The Third Annual No Depression Critics’ Poll
SUNDAY MORNING, RISING UP
For some months it has been clear that many of the albums which provoked delight this year were, quite unexpectedly, of a spiritual bent, of a gospel flavor. Songs about god, if not country.
My churchgoing friends, including Pastor Molly, for whom we will cook dinner in a few days, would doubtless suggest I attend to the message of this music, though I’m not certain they would hear the spirit in Mary Gauthier’s Mercy Now, nor in Bettye LaVette’s I’ve Got My Own Hell To Raise.
At the slight risk of protesting too much, I’ve never found my faith in religious books and buildings. Once or twice each year, as a courtesy and a curiosity, I walk through that door, and it never feels nearly as much like home as do the peaceful mountains outside. And, anyway, I am rarely drawn into music by lyrics (though inelegant words will push me away quicker even than tuneless vocals). It is the sound of things that captivates the ear, and then, maybe, the sense of them.
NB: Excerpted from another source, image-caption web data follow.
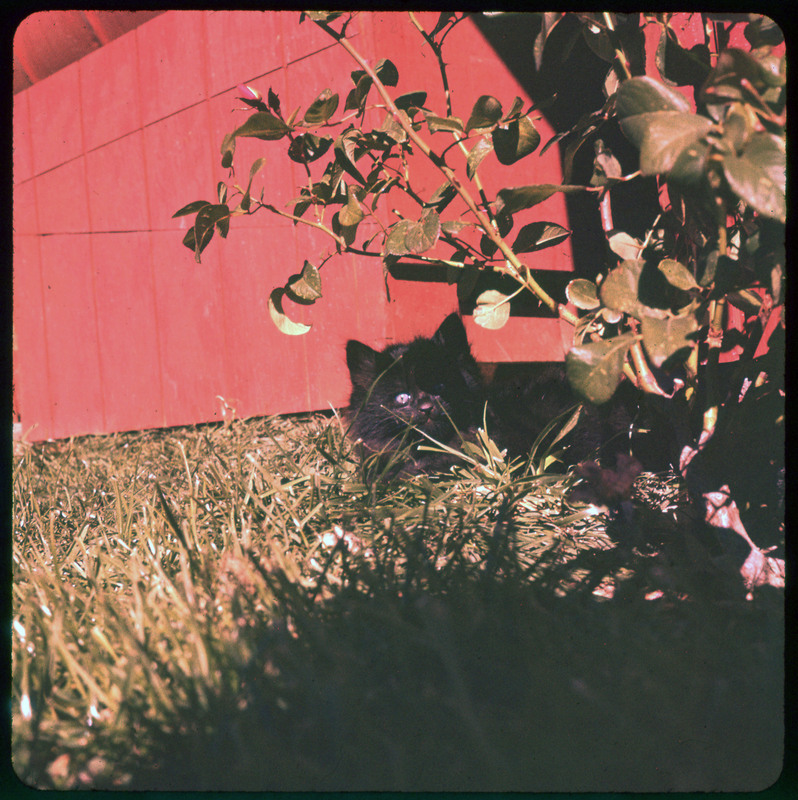 A photographic slide of a black kitten sitting in front of a red barn and behind a plant.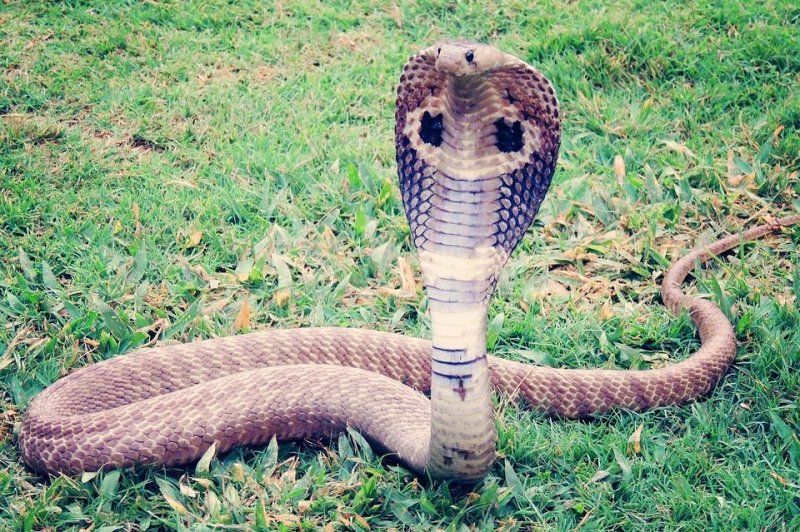 Foto ilustrasi king kobra.*  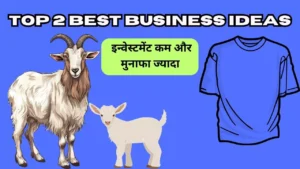 Top 2 Best Business Ideas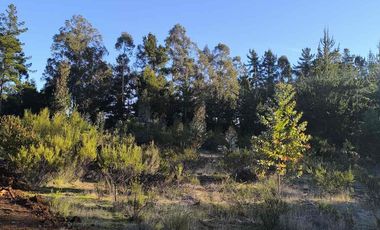 Vendo parcelas en Pichilemu * 5.000 m2 * Rol propio  * Listo para escriturar* Documentación al día  10 min Cahuil *A 15 min punta de lobos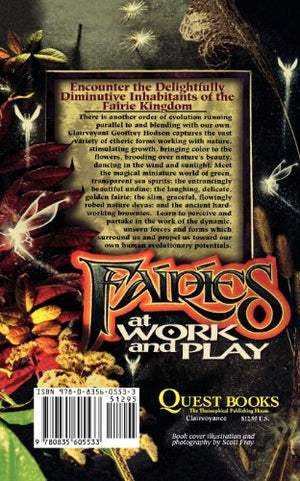 Fairies at Work and Play (A Quest Book),Used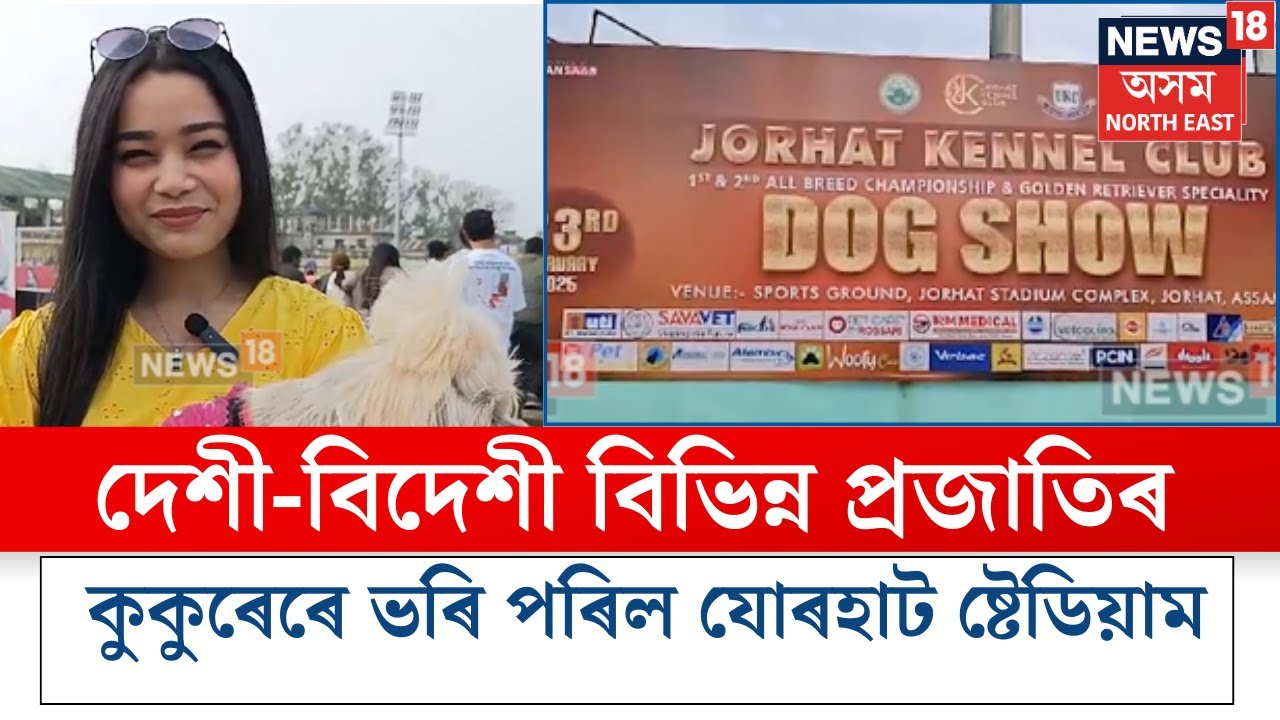 Jorhat News |যোৰহাটত ডগ শ্ব', দেশী-বিদেশী বিভিন্ন প্ৰজাতিৰ কুকুৰেৰে ভৰি পৰিল যোৰহাট ষ্টেডিয়াম N18V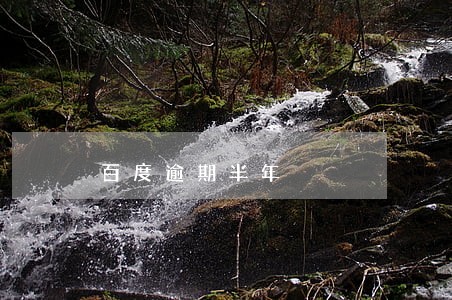 百度逾期半年 百度逾期半年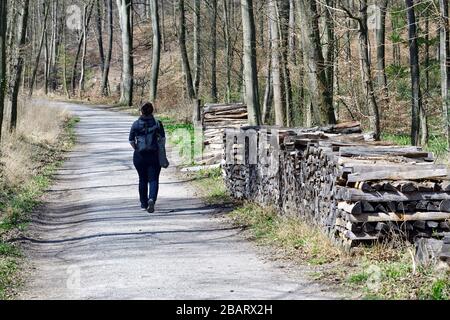 Vienne, Autriche. Lainzer Tiergarten. Aire de loisirs et destination populaire pour la population locale et les touristes à Vienne. Banque D'Images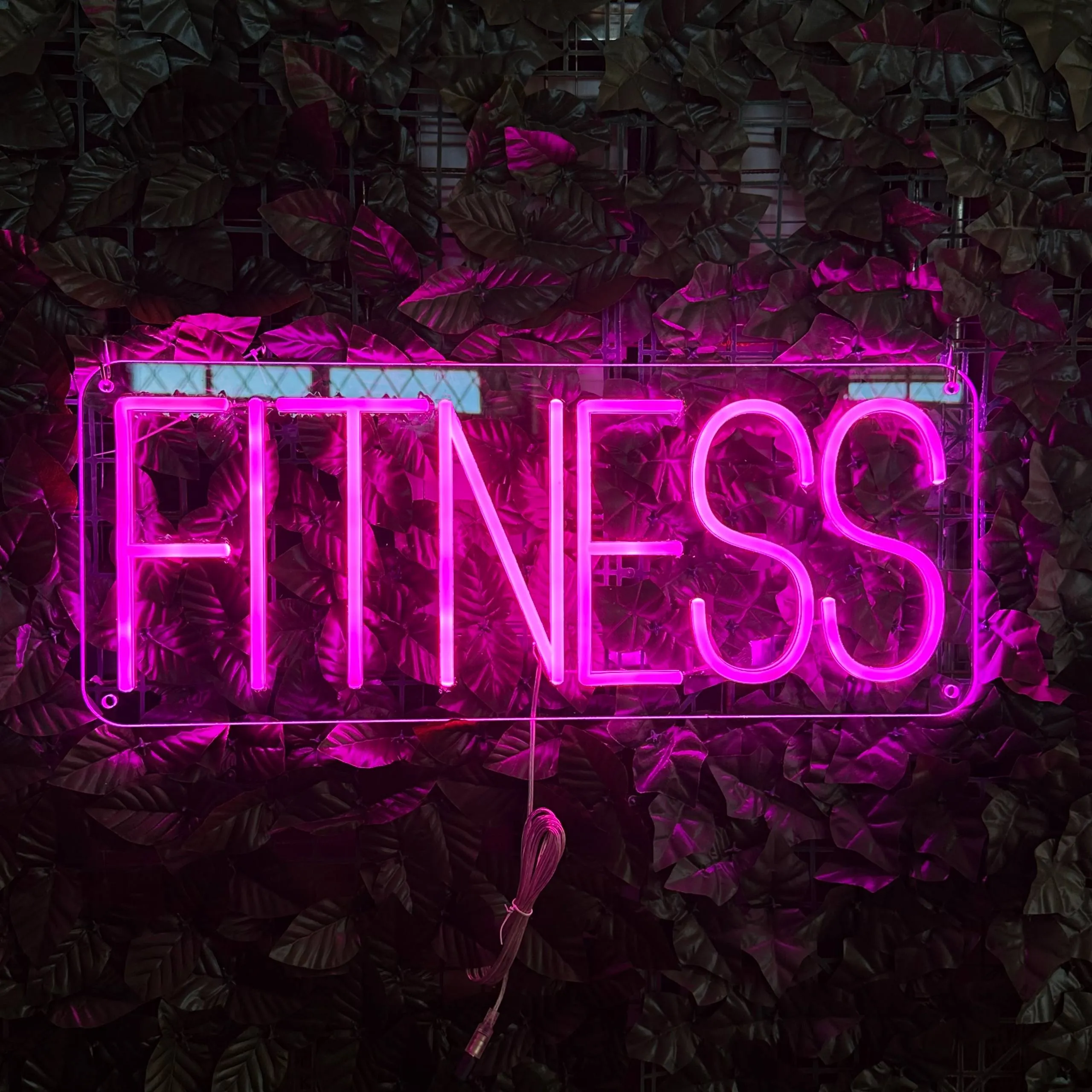 FITNESS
The other inescapable truth of my year-end list (and I sought particularly to frame choices around discs listened to for pleasure, not the anointed art one hears and reveres for duty) is that my divorce from what is now called indie rock seems nearly complete.
This is troublesome, and confusing. I have watched too many peers stop listening and build careers around the static past. I accept that punk is inherently too adolescent for my middle years, but the impulse to rock, and loudly, has hardly vanished.
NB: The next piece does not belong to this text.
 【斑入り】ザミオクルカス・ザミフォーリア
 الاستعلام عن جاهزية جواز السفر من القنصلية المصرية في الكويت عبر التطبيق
Nevertheless, I remain largely deaf to the charms of the various indie-rock artists whose work is proposed for these pages, and I could rarely explain — based on my listening alone — why some are featured and others are ignored.
What, then?
This: One single, beautifully crisp moment amid the third song on When The Morning Comes, the new bluegrass gospel album (too new to have made my list, in fact) from Paul Williams & the Victory Trio. One solitary vocal phrase, the title to Squire Parsons Jr.’s deathbed song, “I Call It Home”. It turns this way: “Some call it heaven/I call it home.” Paul Williams’ voice, still the stuff of legend, rises up to that second line with a ferocious certainty that is simply stunning, and then goes back about its business.
But it is enough, for it is an answer of an unexpected kind.
The truth is (or, at least, my truth is) that most of the artists I listened to this year — Marty Stuart, Doyle Lawson, LaVette, even Lee Ann Womack — simply rock harder than today’s indie-rock darlings.
Which is, perhaps, a matter of perspective.
These last few days I have also been listening to the remastered Talking Heads box, and to the new John Fogerty compilation. And, at ear-splitting volume, to Spiderbait’s brilliant remake of Lead Belly’s “Black Betty”, though I suspect, they, too, learned it from Ram Jam’s ’70s cover (alas, it’s the only spectacular song on Tonight Alright).
They all rock, and I think I have found what I am looking for, what I have been missing: Certainty, confidence, even cockiness. Clarity.
Rock ‘n’ roll is black and white music, both in its lineage and in its formulae. It does not dwell easily (nor for long) in gray areas. Even the searching songs — Bono, Spencer Davis Group, whatever — have a certainty about what’s missing.
And that is what’s missing. Indie rock seems all gray areas and self-reflexive noodling subtleties that are lost on me, and I’m a guy whose writing, when it’s any good, is all about those gray areas. Emo notwithstanding (and I’ve always found its precious tunelessness to be unlistenable), it is almost as if we’re going through a different version of the prog-rock era, in which young rockers wish so much to be taken as serious artists that they lose sight of the simple, glorious fun of cutting loose and saying what they really mean.
In which way, of course, they mirror much of society, thus still doing the most important job of art — letting us look at ourselves in a mirror we did not hang.
Which, I think, is why I respond so joyously to the absolute certainty of gospel music, and to the careful questing implicit throughout Mary Gauthier’s best work. It may also explain the mystery Thomas Frank was unable to solve in his somewhat glib book, What’s The Matter With Kansas? People who are certain they’re going to heaven really will vote against their best interests here on earth — particularly if they imagine that doing so will get them through those gates.
I wish I had their certainty. I wish they had my faith.